Camera Movement

The most common forms of camera movement that you’ll be inclined to do are:

  • Handheld
  • Zooming (the camera is moved toward or away from the subject)
  • Panning (the camera is moved sideways or parallel to the subject)

The phone camera almost invites you to zoom, pan and handhold. But each of these should be a conscious aesthetic choice for the creative purpose of your poetry film.

Let’s look at each in turn, and then look at keeping the camera static.

Handheld vs static imagery

Handheld movement may seem like it is more natural. But in fact, it is the opposite. Think about this: when you are moving around, everything you see is smooth, when you are walking, the world in front of you doesn’t appear to be unsteady or moving up and down. Therefore, keeping footage smooth brings the audience with you – it looks realistic and is not distracting. The difference can be seen in this short video:


Static film is best achieved by using a tripod. It keeps the camera still and records the movement in front of it.

But it depends what story you are wanting to tell.

The use of handheld camera movement developed during the cinéma vérité style of the 60’s French New Wave. It is used to increase intensity and heighten tension and feels raw. Done well and with intention it can create great results. Look at it here in ‘(If) Grief (were) Briefly (to) Disappear’ by Marc Neys and Stevie Ronnie. The handheld movement heightens anxiety and adds to the disorientation we imagine the woman to feel. It’s a deliberate decision by the filmmaker to convey that sense to the audience.

(If) Grief (were) Briefly (to) Disappear ©MarcNeys


Camera phones invite you to zoom in. And a closer shot does add interest and give a different perspective. But as phone cameras aren’t designed to sophisticated film gear, there are better ways to achieve this.

The first clip is a bird and a zoom.

The next is the same clip but the zoom movement has been edited out.

The second clip is less distracting. We get the same story but in a smoother way.


Panning and tilting

Pans and tilts are connecting movements. This is to say that they connect images.

Panning is moving a camera horizontally from a fixed position.

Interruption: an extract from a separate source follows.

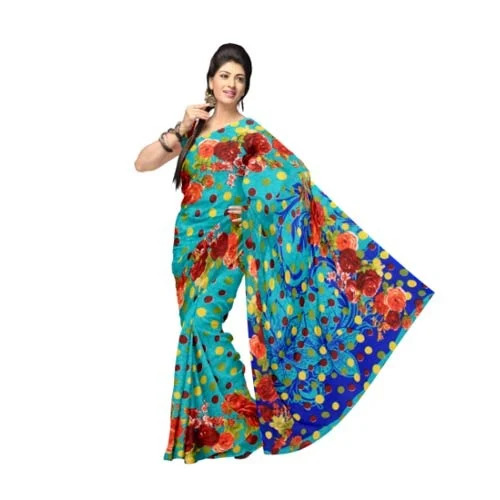 Green Chiffon Georgette Printed Sarees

It is often fixed on a tripod, with the filmmaker turning the tripod head either left or right.

Panning is often used to follow something moving across the screen, like vehicles or people; or to show wide vistas, like a land or seascape. Panning can be used to reveal more information.

Tilts are like panning but refer to the up or down movement of the camera. Tilts are often used to reveal vertical objects or to move from ground to sky.

The old adage less is more, applies to panning and tilting.

When panning, think about whether it should be from left to right. A pan moving toward the right is a naturally expected forward movement.

Observe what happens when panning goes left to right then right to left. What effect does it achieve? Is it distracting? Pans moving toward the left often feel uneasy.

iMovie adds movement to still images automatically in Ken Burns. It can be confusing – where does the viewer look next. Whenever something is in motion on the screen, the audience automatically tracks and predicts its trajectory. If the object is not following its anticipated path, or if the path keeps changing, then it becomes disruptive and disorientating and can pull the audience out of the scene.


Your Decision

Camera movement should not be a random decision. Ask yourself: why am I taking this shot? Camera movement should serve the story. If you are filming something calm, then handheld movement will detract; better to use a tripod and subtle pans.

Focus on composition rather than movement.